* WHAT IS EXPECTED *
Please repeat exactly the lines from the one containing "Hrad Svojanov Hrad Svojanov" through the last line of the records below, both included, and leave out any pictures.

*** DATASET ENTRIES ***

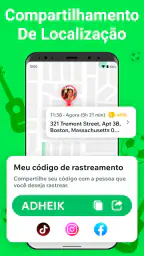 localizador de família 5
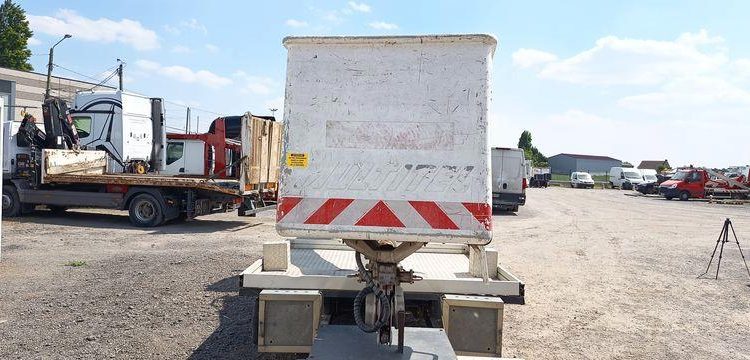 MULTITEL DAILY AVEC NACELLE MULTITEL 160ALU 16M  DK-692-KX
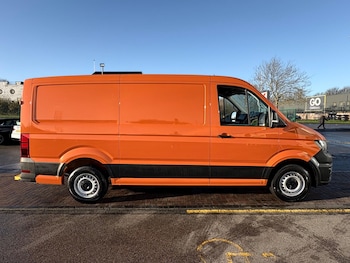 Used Volkswagen Crafter 2023 for sale - 76765096: Photo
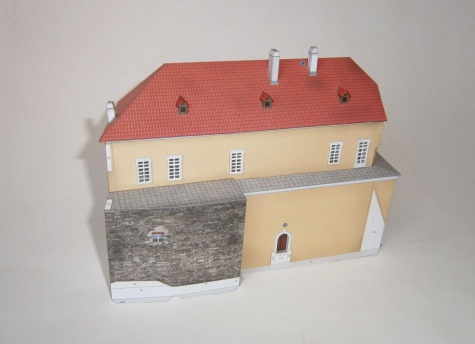 Hrad Svojanov Hrad Svojanov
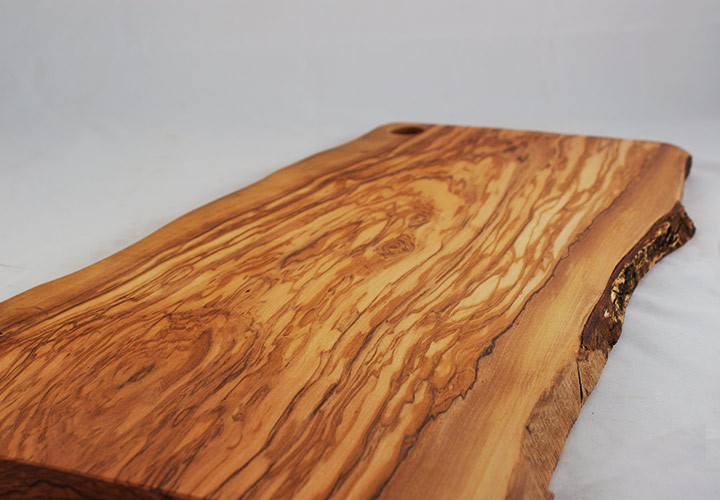 Olive Wood Serving Tray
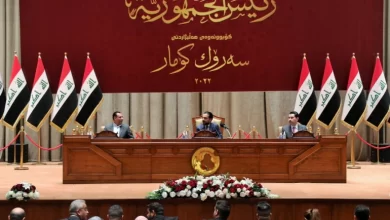 البرلمان العراقي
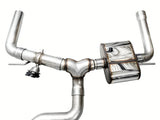 AWE Tuning - AWE AUDI 8Y RS 3 Exhaust Suite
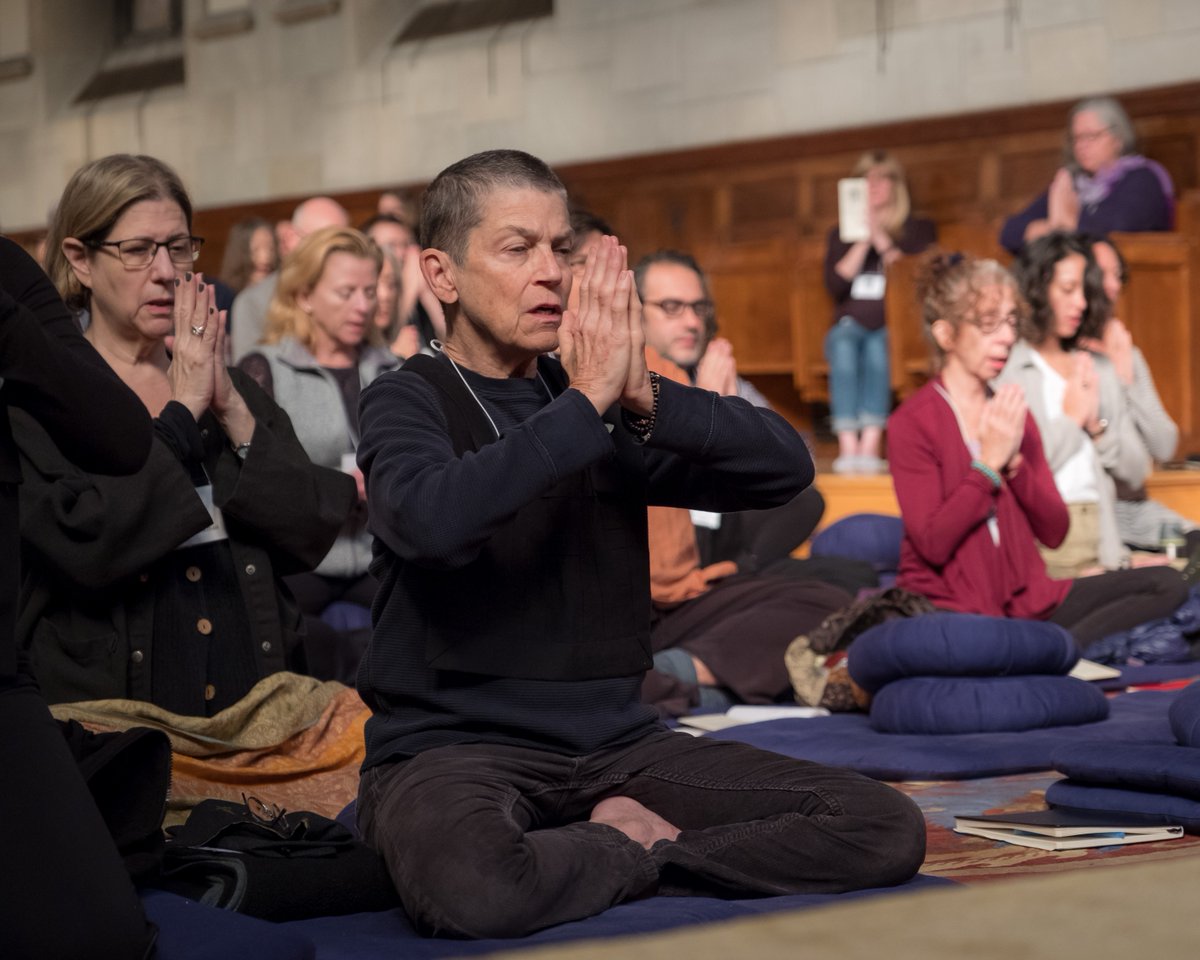 February Half Day Retreat (Saturday the 11th) Silently engaging in sitting and walking meditation, hearing a dharma talk, and connecting with community are wonderful ways to spend a Saturday morning. More info 👉 bit.ly/3kZWRTZ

*** End of DATASET ENTRIES ***

* EXERCISE ANSWER *
 Hrad Svojanov Hrad Svojanov
 Olive Wood Serving Tray
 البرلمان العراقي
 AWE Tuning - AWE AUDI 8Y RS 3 Exhaust Suite
 February Half Day Retreat (Saturday the 11th) Silently engaging in sitting and walking meditation, hearing a dharma talk, and connecting with community are wonderful ways to spend a Saturday morning. More info 👉 bit.ly/3kZWRTZ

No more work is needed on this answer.